### Work request
Without any pictures, print the lines below from the one that has "FIGURA BOŻONARODZ. ŚW. RODZINA WYS. 41 CM" through the one that has "Gaiam Men Slim", exactly and nothing else.

### Material shown
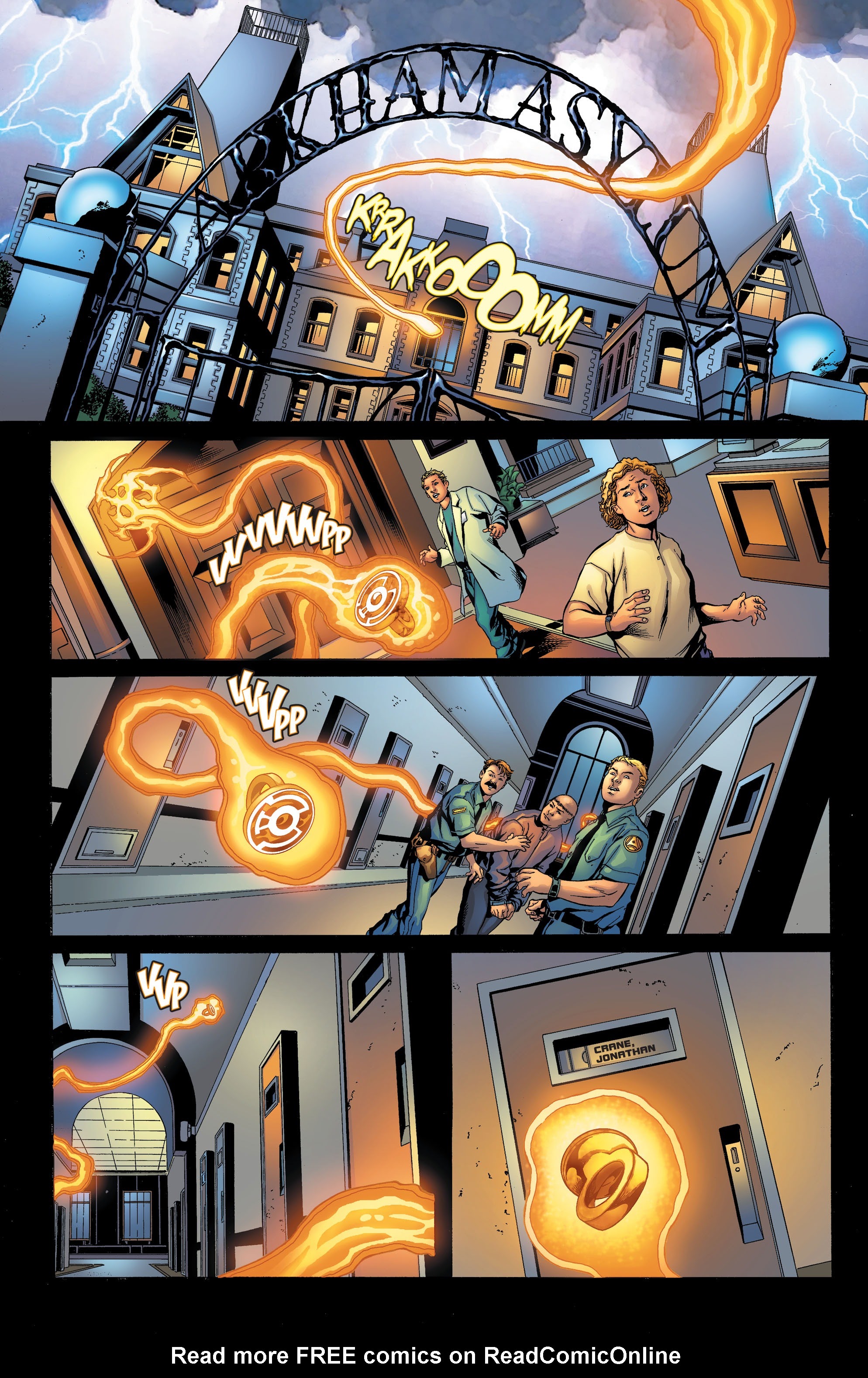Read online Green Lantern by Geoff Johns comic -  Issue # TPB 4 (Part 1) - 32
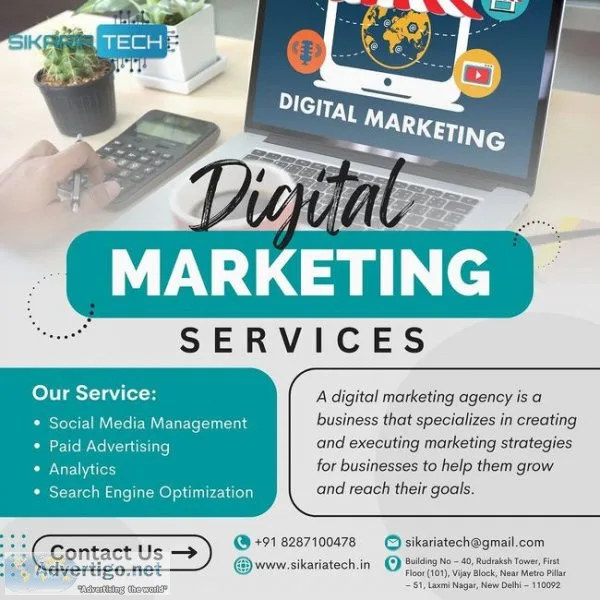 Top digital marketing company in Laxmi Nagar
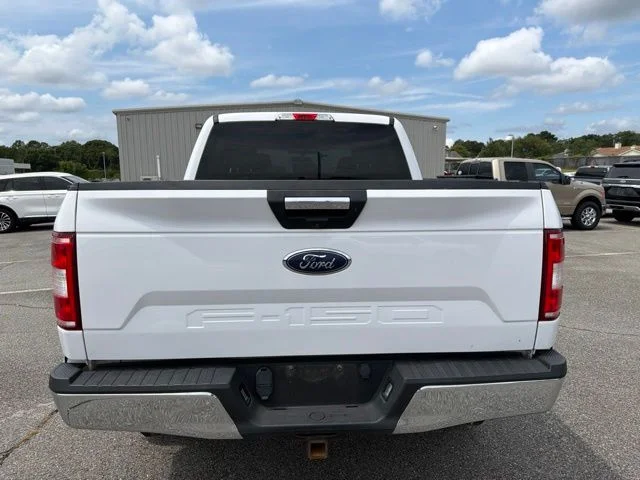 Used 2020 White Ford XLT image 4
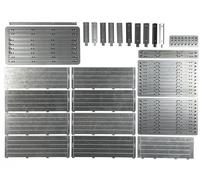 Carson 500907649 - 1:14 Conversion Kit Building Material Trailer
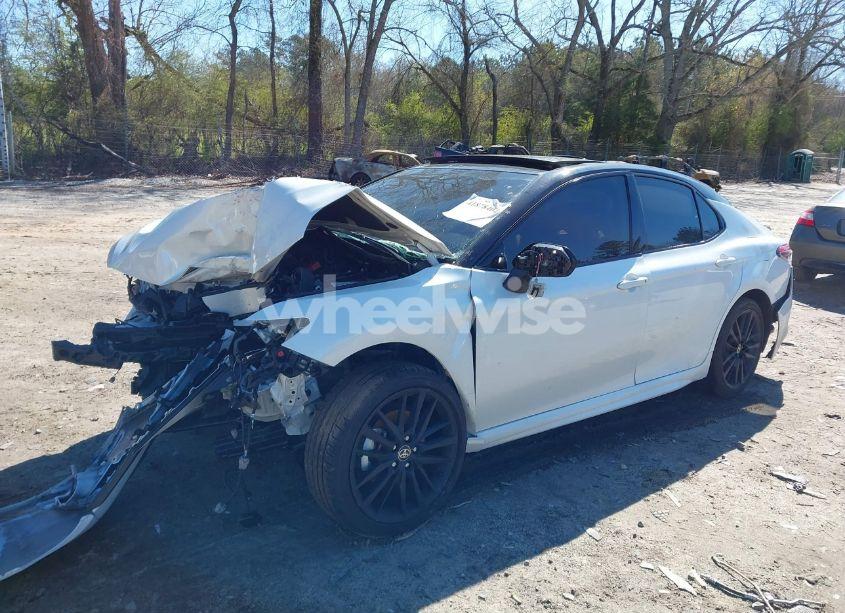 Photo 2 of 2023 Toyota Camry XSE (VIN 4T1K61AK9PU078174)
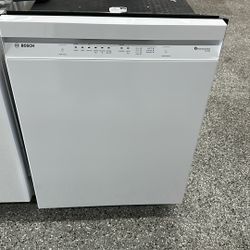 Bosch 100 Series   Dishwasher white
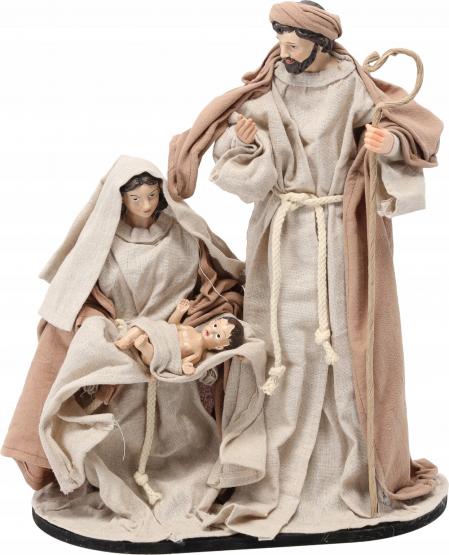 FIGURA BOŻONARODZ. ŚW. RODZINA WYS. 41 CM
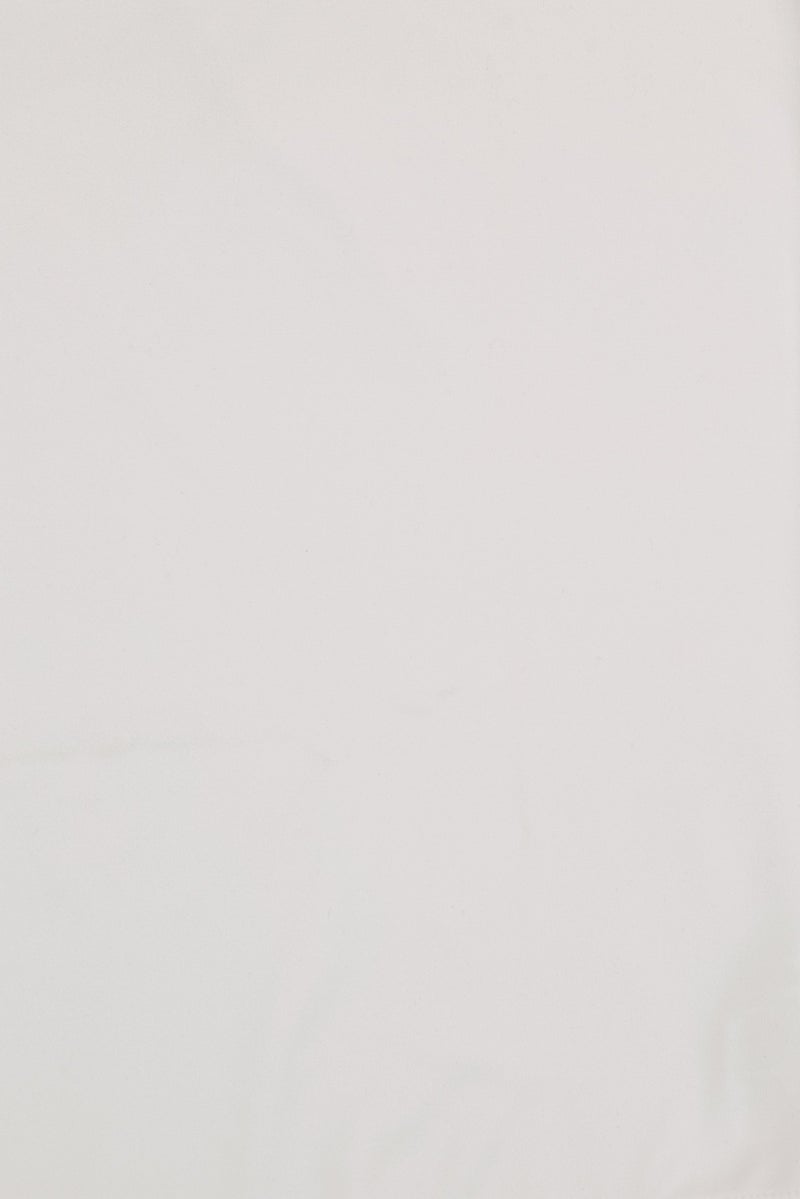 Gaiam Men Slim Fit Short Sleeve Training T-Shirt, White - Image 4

==

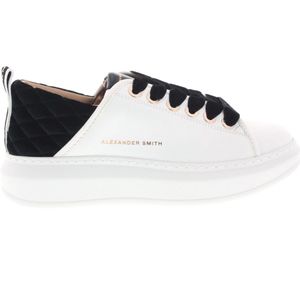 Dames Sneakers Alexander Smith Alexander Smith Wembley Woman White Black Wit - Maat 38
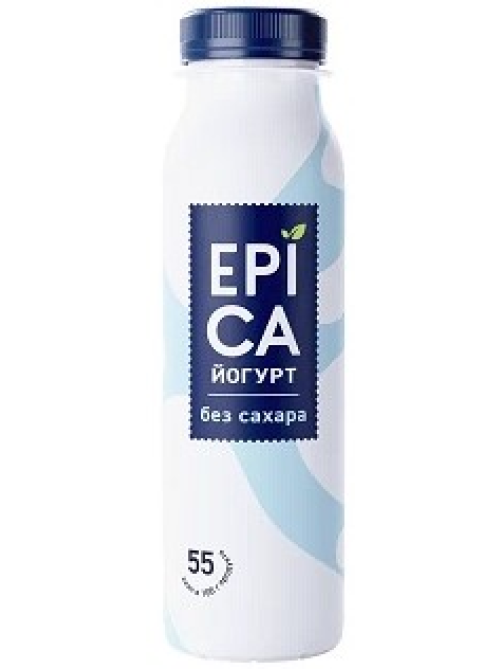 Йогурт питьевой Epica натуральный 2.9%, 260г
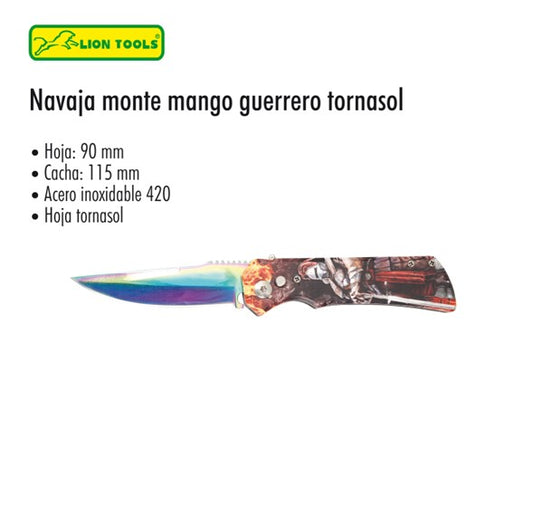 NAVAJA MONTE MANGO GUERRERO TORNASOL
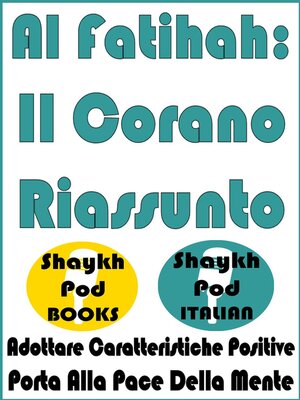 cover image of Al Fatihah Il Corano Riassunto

### Answer
 FIGURA BOŻONARODZ. ŚW. RODZINA WYS. 41 CM
 Gaiam Men Slim Fit Short Sleeve Training T-Shirt, White - Image 4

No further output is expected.